Longitude: -5.4289 / 5°25'43"W

OS Eastings: 155044.4065

OS Northings: 31284.1005

OS Grid: SW550312

Mapcode National: GBR DXZB.G1Y

Mapcode Global: VH12T.VYBZ

Entry Name: Two wayside crosses in St Hilary's churchyard

Scheduled Date: 24 July 1998

Source: Historic England

Source ID: 1018206

English Heritage Legacy ID: 30447

County: Cornwall

Civil Parish: St. Hilary

Traditional County: Cornwall

Lieutenancy Area (Ceremonial County): Cornwall

Church of England Parish: St Hilary

Church of England Diocese: Truro


The monument includes two medieval wayside crosses situated to the south of
the church in St Hilary's churchyard in west Cornwall.
One wayside cross is located on the east side of the footpath through the
churchyard where the footpath bends round to the east; the other is on the
west side of the footpath. Both are Listed Grade II.
The cross on the east side of the footpath survives as an upright granite
shaft with a round, `wheel' head. The overall height of the monument is 0.91m.
The principal faces are orientated north west-south east. The head measures
0.41m high by 0.48m wide and is 0.13m thick.
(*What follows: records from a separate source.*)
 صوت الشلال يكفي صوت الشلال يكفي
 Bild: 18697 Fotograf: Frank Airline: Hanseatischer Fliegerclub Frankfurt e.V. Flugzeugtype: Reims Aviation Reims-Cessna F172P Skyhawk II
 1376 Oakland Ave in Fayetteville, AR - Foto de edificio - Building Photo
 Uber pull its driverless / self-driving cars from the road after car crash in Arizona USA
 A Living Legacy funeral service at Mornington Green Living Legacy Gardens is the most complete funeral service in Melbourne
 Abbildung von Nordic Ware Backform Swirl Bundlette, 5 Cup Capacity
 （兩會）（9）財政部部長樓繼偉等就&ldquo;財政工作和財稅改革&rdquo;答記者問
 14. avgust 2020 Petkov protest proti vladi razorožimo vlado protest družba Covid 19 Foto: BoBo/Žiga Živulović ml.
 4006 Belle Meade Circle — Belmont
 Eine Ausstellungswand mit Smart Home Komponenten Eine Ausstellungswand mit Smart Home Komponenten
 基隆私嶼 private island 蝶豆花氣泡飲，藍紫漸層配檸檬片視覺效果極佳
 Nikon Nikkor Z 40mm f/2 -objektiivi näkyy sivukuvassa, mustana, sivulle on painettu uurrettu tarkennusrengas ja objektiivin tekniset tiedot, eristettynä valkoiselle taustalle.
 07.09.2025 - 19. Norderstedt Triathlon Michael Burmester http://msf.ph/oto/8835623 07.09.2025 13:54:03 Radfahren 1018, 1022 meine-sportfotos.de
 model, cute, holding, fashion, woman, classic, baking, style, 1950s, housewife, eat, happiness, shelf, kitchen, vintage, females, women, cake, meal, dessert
The north west face bears an
equal limbed cross in relief; a flat, wide bead runs around the outer edge of
the head. The south east face is plain. The shaft measures 0.5m high by 0.26m
wide and is 0.15m thick.
It is believed that this cross came from Treverbyn 0.5km east of St Hilary's
church where it was in use as a stile. By 1896 when the historian, Langdon,
recorded the cross it was in its present location in the churchyard.
The other cross on the west side of the footpath survives as an upright
granite shaft with a round `wheel' head, mounted on a modern granite base. The
overall height of the monument is 1.17m. The principal faces are orientated
east-west. The head measures 0.38m wide and 0.27m thick. Both principal faces
bear a relief equal limbed cross. The top of the head has been damaged at some
time in the 19th century. The shaft measures 0.5m high by 0.28m wide and is
0.25m thick. The shaft is cemented into a block of granite which measures
0.56m north-south by 0.49m east-west and is 0.33m high.
This cross was located at Trewhella, 1.25km north east of St Hilary's church,
where it marked the junction of Trewhella Lane and a footpath but was removed
to the churchyard in 1905. The inscription on the base reads `This cross was
removed from Trewhella in the year 1905 in order to ensure its better
preservation in the future by permission of Lord St Levan the owner of its
original site'.
The gravel surface of the footpath passing between the two crosses is excluded
from the scheduling but the ground beneath, included as a protective margin,
is included.

The site of the monument is shown on the attached map extract.
It includes a 2 metre boundary around the archaeological features,
considered to be essential for the monument's support and preservation.

Source: Historic England

Reasons for Scheduling

Wayside crosses are one of several types of Christian cross erected during the
medieval period, mostly from the 9th to 15th centuries AD. In addition to
serving the function of reiterating and reinforcing the Christian faith
amongst those who passed the cross and of reassuring the traveller, wayside
crosses often fulfilled a role as waymarkers, especially in difficult and
otherwise unmarked terrain. The crosses might be on regularly used routes
linking ordinary settlements or on routes having a more specifically religious
function, including those providing access to religious sites for parishioners
and funeral processions, or marking long-distance routes frequented on
Over 350 wayside crosses are known nationally, concentrated in south west
England throughout Cornwall and on Dartmoor where they form the commonest type
of stone cross. A small group also occurs on the North York Moors. Relatively
few examples have been recorded elsewhere and these are generally confined to
remote moorland locations.
Outside Cornwall almost all wayside crosses take the form of a `Latin' cross,
in which the cross-head itself is shaped within the projecting arms of an
unenclosed cross. In Cornwall wayside crosses vary considerably in form and
decoration. The commonest type includes a round, or `wheel', head on the faces
of which various forms of cross or related designs were carved in relief or
incised, the spaces between the cross arms possibly pierced. The design was
sometimes supplemented with a relief figure of Christ and the shaft might bear
decorative panels and motifs. Less common forms in Cornwall include the
`Latin' cross and, much rarer, the simple slab with a low relief cross on both
faces. Rare examples of wheel-head and slab-form crosses also occur within the
North York Moors group. Most wayside crosses have either a simple socketed
base or show no evidence for a separate base at all.
Wayside crosses contribute significantly to our understanding of medieval
religious customs and sculptural traditions and to our knowledge of medieval
routeways and settlement patterns. All wayside crosses which survive as earth-
fast monuments, except those which are extremely damaged and removed from
their original locations, are considered worthy of protection.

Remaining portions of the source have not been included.